We are facing abnormal catalyst loss from Regs to flue gas. Therefore, silo fines recycle to Regs is being applied with approximately 1 ton/day (Sb in silo fines is around 1000ppmwt). Can you explain in detail the mechanism of coking/fouling at RFCCU MF’s bottom which relates to Sb coming from Nickel passivator injecting to feedstock?
-If you overfeed the Sb passivator, you could potentially cause fouling in the MF bottoms. As long as you control the dosage this shouldn’t be a problem.
-Fouling in the bottoms circuit is usually only seen when excess antimony is injected. The correct dosage of antimony is specific to each unit. Antimony is only stable if it reacts with nickel or vanadium on the catalyst. Excess antimony will not stick to the catalyst, but instead will concentrate in the bottoms product. The amount of antimony that will remain stable ranges from 20% to 80% of the nickel on catalyst and varies with catalyst type, regenerator conditions, Ni/V ratio, metals deposition rate and presence of metals traps. Generally, refiners should control the antimony injection rate to be no more than 20% above the stable amount. In other words, if your deposition efficiency is less than 80% you should reduce additions. You mention adding fines that already contain antimony. Presumably, this antimony is on the fines because it has been stabilized by the nickel and vanadium on the fines and should therefore not give any problems in the bottoms circuit.
– According to a former colleague of mine well versed on the subject, the laydown efficiency for various forms of antimony are not equal. Much better laydown efficiency is obtained with hydrocarbon-based antimony solutions, compared to the more common water-based colloidal suspensions. It is important to accurately monitor how much passivator is being injected, and calculate how much is actually staying on the catalyst, how much is lost with fines and catalyst withdrawals, and how much is unaccounted for. Laydown efficiency in the region of 50-75% is not uncommon.
I am assuming that there is a reason to suspect Sb as the cause for fouling (a chemical analysis of a coke deposit for example), but some amount of Sb in the bottoms circuit is to be expected and one should be cautious not to exclude other likely causes of slurry circuit fouling/coking.
–I have also similar experience in the past though it could be different with this case. With the security policy, I cannot share the story in detail so I want to ask the understanding on vague description.
To reduce the amounts of off-gas, excess Sb was introduced for several months in RFCC. After that, the problem of catalyst carryover was happened caused by the deposit in dipleg. So we should have to check the Sb effect as one of the main reasons of catalyst carryover.
With analysis of deposits, we could find that the average Sb contents in deposit surprisingly was about 10 vol%(over 30 wt%) and Sb was existed with the form of metal particle or layer in mixing with lump coke and catalyst.
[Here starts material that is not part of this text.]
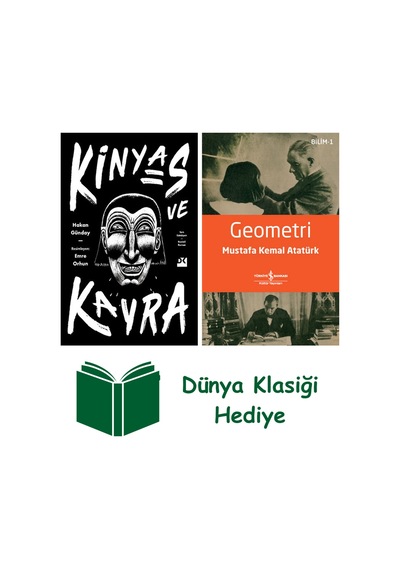 Kinyas Ve Kayra Ciltli - 18. Yıl Resimli Özel Baskısı + Geometri + Dünya Klasiği Hediye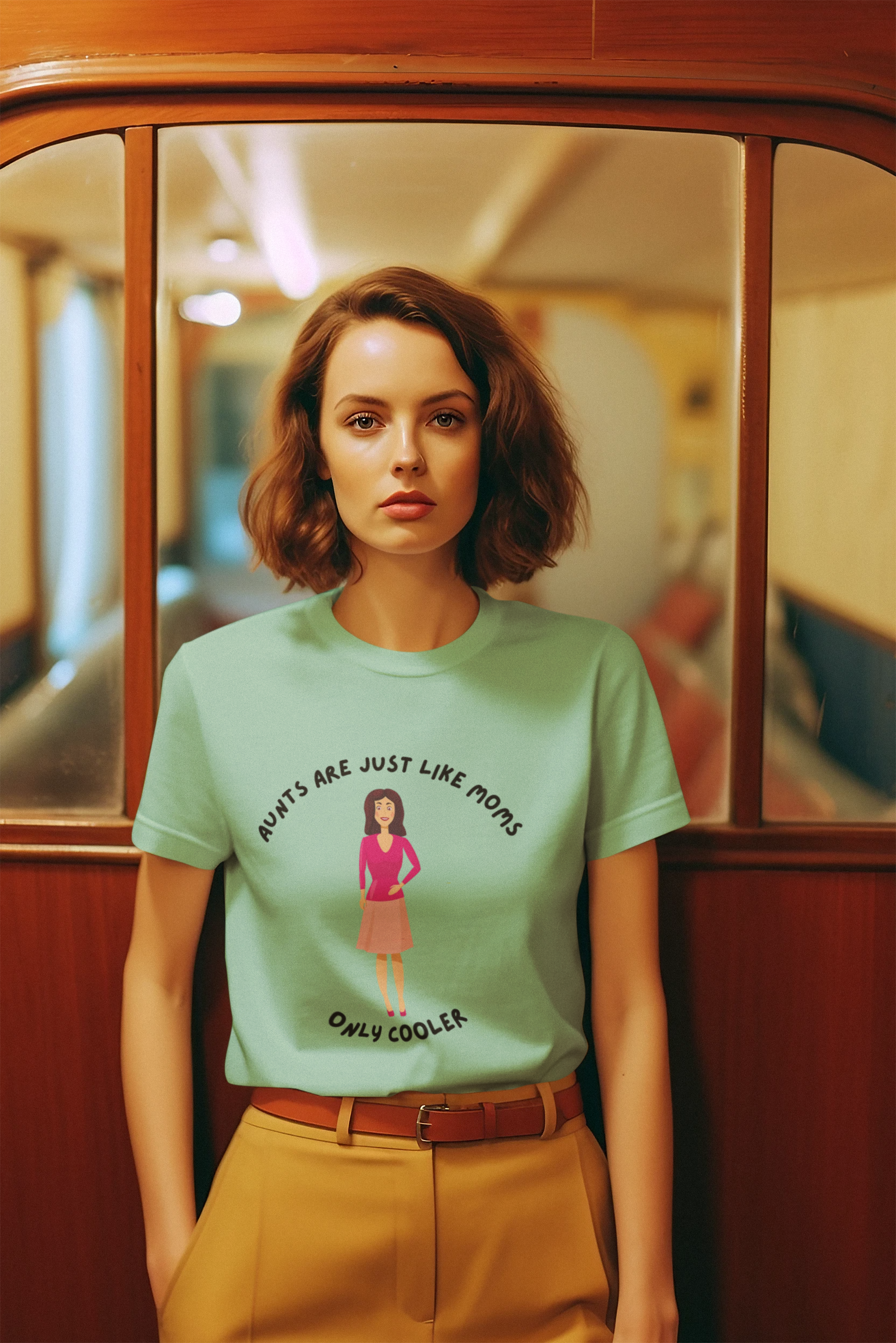 Fun Cool Aunt Unisex Heavy Cotton  Tee Shirt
We couldn’t find any clue about filament coke or linkage with adjacent coke on surface of Sb metal.
So we concluded and reported that excess Sb seems to be that it doesn’t act as the catalyst for directly making catalytic coke by dehydration/olefin oligomerization reaction but it affects fouling in RFCC units by making deposit that could interrupt smooth flow of catalyst.
This problem has no longer been occurring after using the proper dosage of Sb and cleaning the deposit in unit at regular maintenance.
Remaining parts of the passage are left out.